38% Of The Companies Used In India's GDP Calculations 'Not Found' Or 'Surveyed': NSSO Study
The new Gross domestic product (GDP) series introduced in 2015 has been garnering controversy ever since it got introduced. Numerous questions were raised about the accuracy of the GDP numbers and doubts were raised on whether the Indian government statistics were telling the full story?
The recent National Sample Survey Office (NSSO) report has fuelled these doubts and suspicions and has taken the concerns related to India’s GDP numbers to a new height. A study conducted by the NSSO between June 2016 and June 2017 which got released last week presented the disappointing picture of how there was a serious problem with the GDP calculation.

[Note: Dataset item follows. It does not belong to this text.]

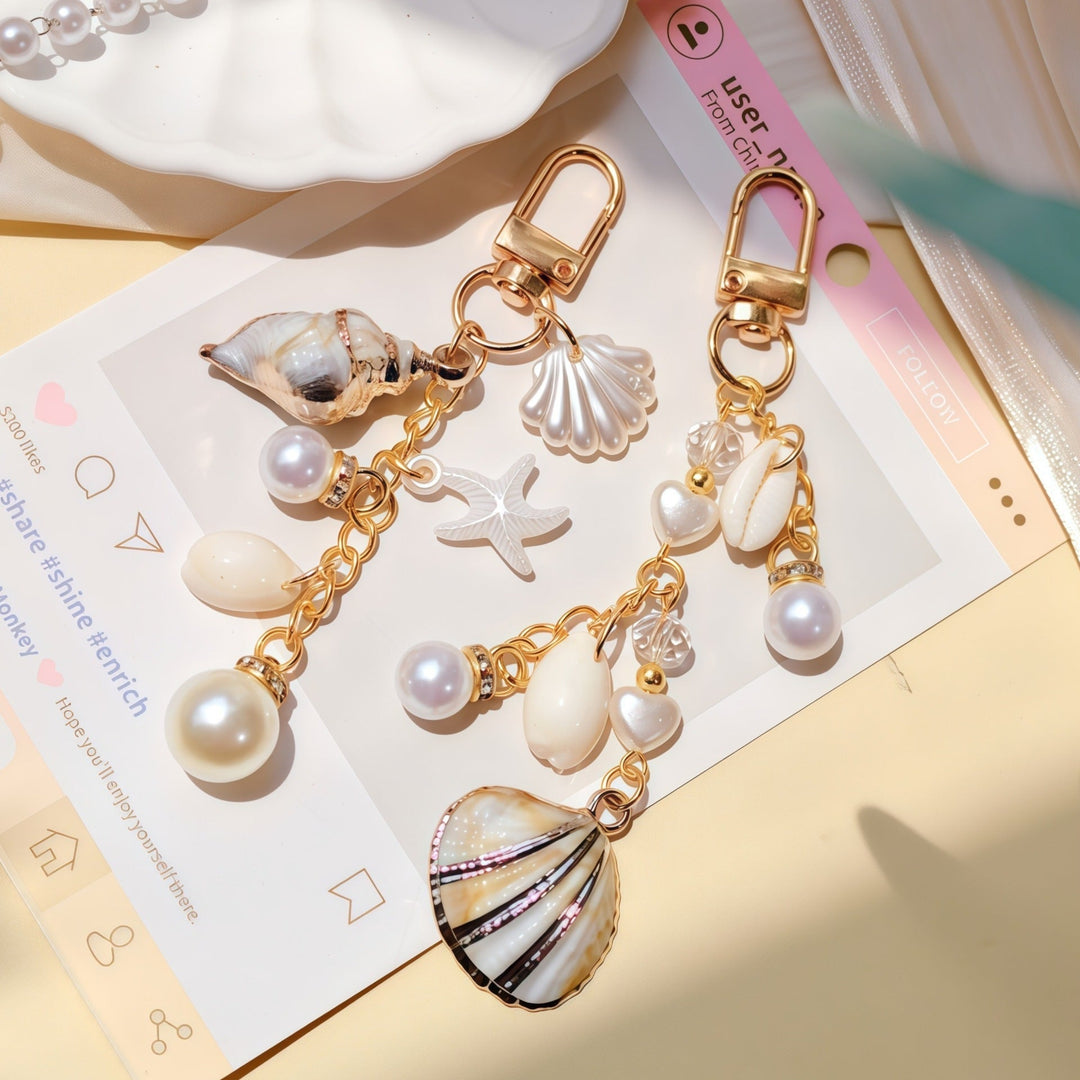 Gold-tone women's keychain featuring a detailed shell, starfish, and faux pearl for a seaside look.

The report which was released last week states that as much as 38% of companies that are part of MCA-21 database of companies and are used in India’s GDP calculations could not be traced or were wrongly classified. The report also states that 16.4% of the firms listed in the MCA-21 frame either could not be traced or were found to be closed. Another 21.4% were found “out of coverage”, suggesting that they were no longer operating as service sector firms though they had registered—and were being captured in national accounts—as such, reports The Live Mint.
The results were so depressing that the two major reports based on the survey had to be scrapped. The disputable figures refer to the MCA-21 database of companies of the Ministry of Corporate Affairs. These companies were deemed as ‘active companies’ by the ministry which includes any company that has filed returns at least once in the past three years on its list of active firms.
The Mint reports that according to the current methodology, if a company does not report data in a particular year, the Central Statistics Office (CSO) relies on a “blow-up” technique that uses the paid-up capital (PUC) at the time of setting up of the company as the basis for computation of Gross value added (GVA) by that company. This leads to an overestimation of economic activity as it does not show the actual production of goods and services and also takes into account fictitious firms.
It is said that the database included various shell firms that prevailed only on paper. Critics demanded that the MCA-21 data to be released to researchers and the public so that the unit-level data could be examined, as reported by The Mint.
According to R. Nagaraj, a professor at the Indira Gandhi Institute of Development Research in Mumbai, “This is a disastrous blow for CSO. Some of us had asked CSO officials to verify the MCA-21 numbers before using them in national accounts, but they finalized the new series without enough scrutiny and debate.” Even at the time when this new GDP series was launched in the national accounts calculations, numerous economists had raised questions on this issue and Professor R. Nagaraj was the first one to raise red flags on it.
Another professor at Cornell University and former chief economist of the World Bank, Kaushik Basu took to Twitter to share his opinion on this.
As soon as this shocking revelation was made by the NSSO report, many politicians took to Twitter and shared their views about it.
Prashant Bhushan, a public interest lawyer, and activist also tweeted about it.
Various economists told that they were shocked when the Indian government upwardly revised GDP growth for 2016-17 to 8.2% from 6.7%, even though the business and jobs got a major hit in that financial year due to the demonetization of high-value notes.
According to Statisticians, the use of the untested database in India’s national accounts raises doubts related to the decline of the Central Statistics Office (CSO), an institution which was regarded as a prominent institution in the world and the reliability of India’s official statistics.
Last year in December, the government restrained the release of jobs data, however, an official report leaked to an Indian newspaper showed that the unemployment rate had touched its highest level in 45 years, reports Reuters.
The NSSO report shows that the credibility of India’s data has taken a major hit and if the right measures will not be taken, it can harm our country’s data credibility forever.